Should You Invest in California or outside California? Part 6

“Florida? Probably not. The hurricane comes every year.” Some investors shy away from hurricane-prone area like Florida or Texas, but they forget that they life in an earthquake-prone area, California. While tornado and hurricane can be expensive to insured, they are still insurable risk. Earthquake, in my opinion, is almost an uninsurable risk, especially the big ones that attacked San Francisco in 1906 and Loma Prieta in 1989.

But how about the earthquake insurance? Earthquake insurance costs a lot of money, with not much coverage. California residents have the option to get earthquake insurance through California Earthquake Authority (CEA). Insurance companies that belong to CEA offer standard earthquake insurance policy with 15% deductible. Earthquake insurance is also available outside CEA. There is premium calculator available at CEA website. Imagine the next big earthquake is coming, even if you have an earthquake insurance coverage, if insurance companies receive too many claims, do you think they will remain solvent?
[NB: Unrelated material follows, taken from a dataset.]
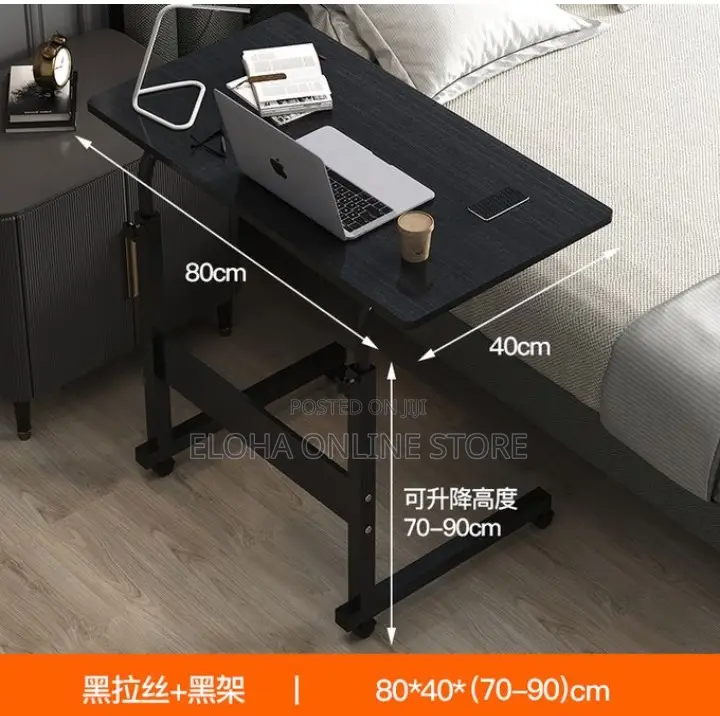 Adjustable Laptop Table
An alternative to buying earthquake insurance is to retrofit the property. The money paid for insurance premium overtime, may be well spent on the project retrofitting the property. Some lenders opt for borrower taking precaution steps rather than buying earthquake insurance. The structure should be tied to the foundation, water heater should be secured to the wall and cripple walls should be braced with plywood.

Investors, if you think Florida or Texas or Oklahoma are risky, think again! Diversify your asset geographically!